WORK ORDER:
Taking the data below, please print only the lines from the line holding "A clear glass champagne flute with a stem." to the line holding "A picture of", inclusive, with pictures omitted.

*** DATA FOR ANALYSIS ***

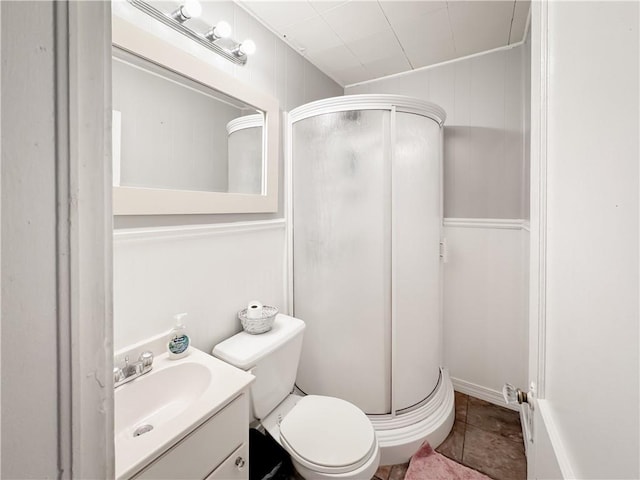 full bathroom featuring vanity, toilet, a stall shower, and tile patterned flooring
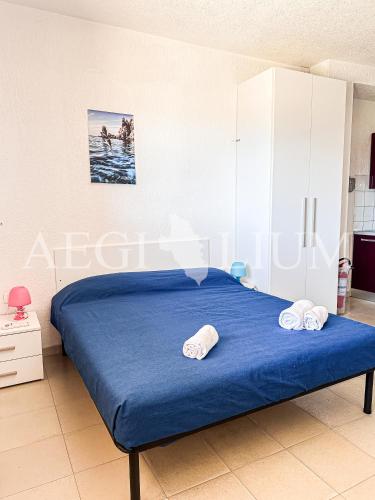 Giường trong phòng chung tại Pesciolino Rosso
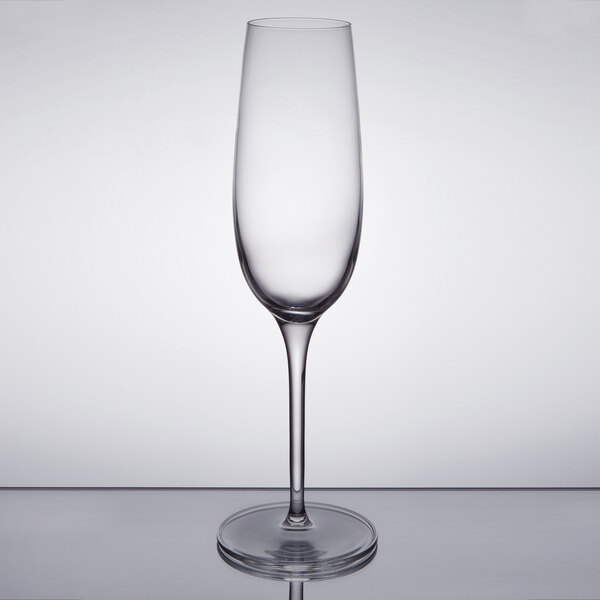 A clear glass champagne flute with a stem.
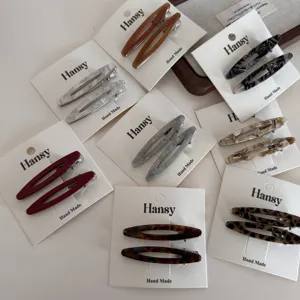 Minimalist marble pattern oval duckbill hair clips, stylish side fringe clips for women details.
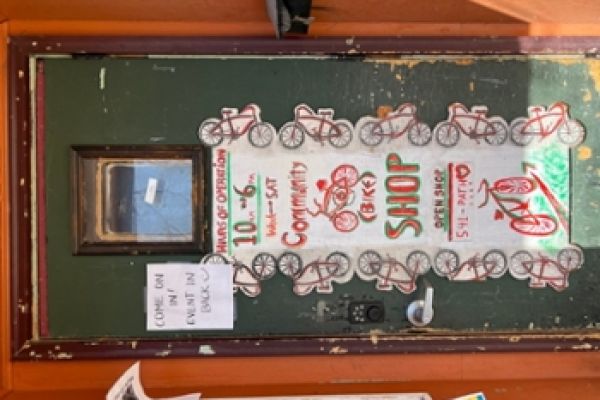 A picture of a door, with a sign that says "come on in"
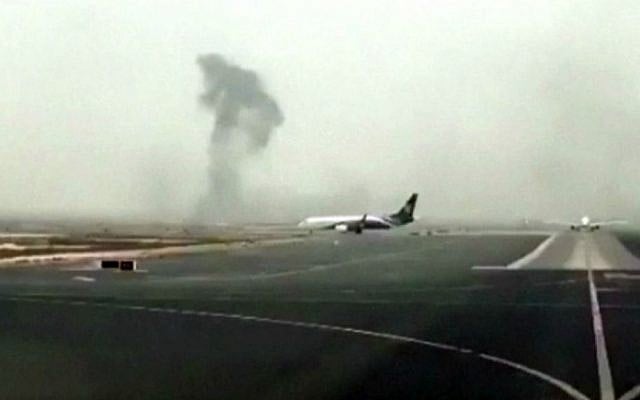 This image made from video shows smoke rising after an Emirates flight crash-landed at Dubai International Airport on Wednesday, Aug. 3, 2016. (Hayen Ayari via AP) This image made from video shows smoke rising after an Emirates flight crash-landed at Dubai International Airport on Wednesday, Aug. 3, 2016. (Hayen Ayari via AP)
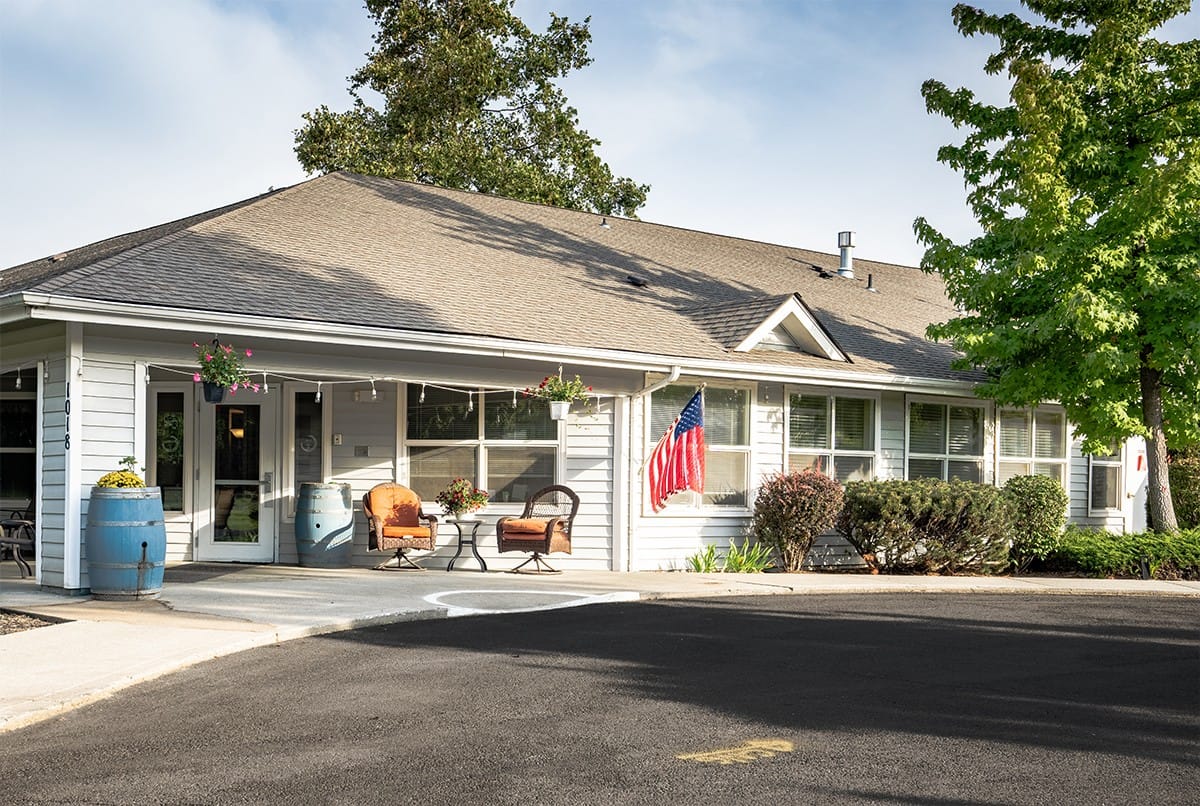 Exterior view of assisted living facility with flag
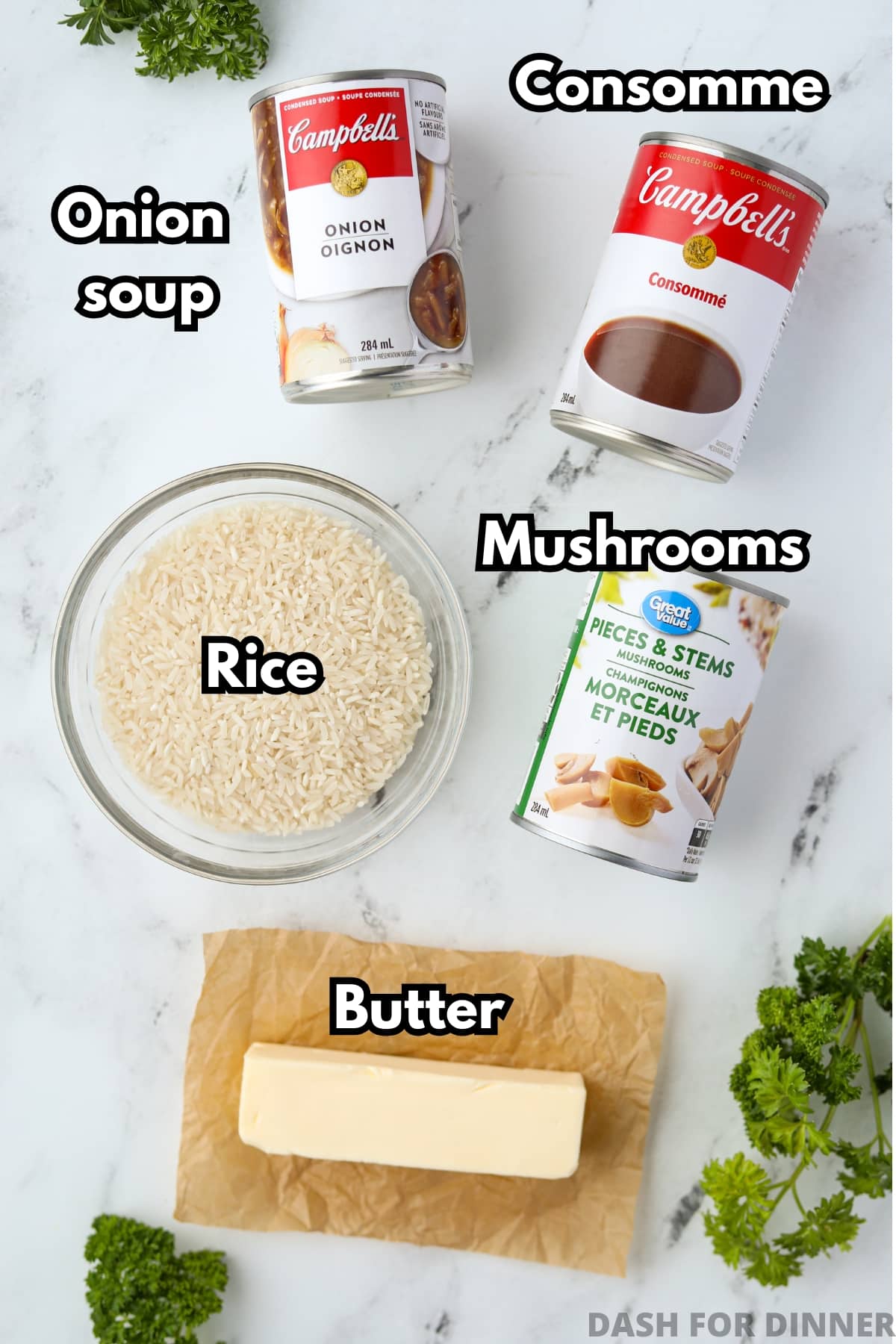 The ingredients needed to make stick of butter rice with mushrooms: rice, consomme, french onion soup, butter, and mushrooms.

*** End of DATA FOR ANALYSIS ***

THE COMPLETED TASK:
 A clear glass champagne flute with a stem.
 Minimalist marble pattern oval duckbill hair clips, stylish side fringe clips for women details.
 A picture of a door, with a sign that says "come on in"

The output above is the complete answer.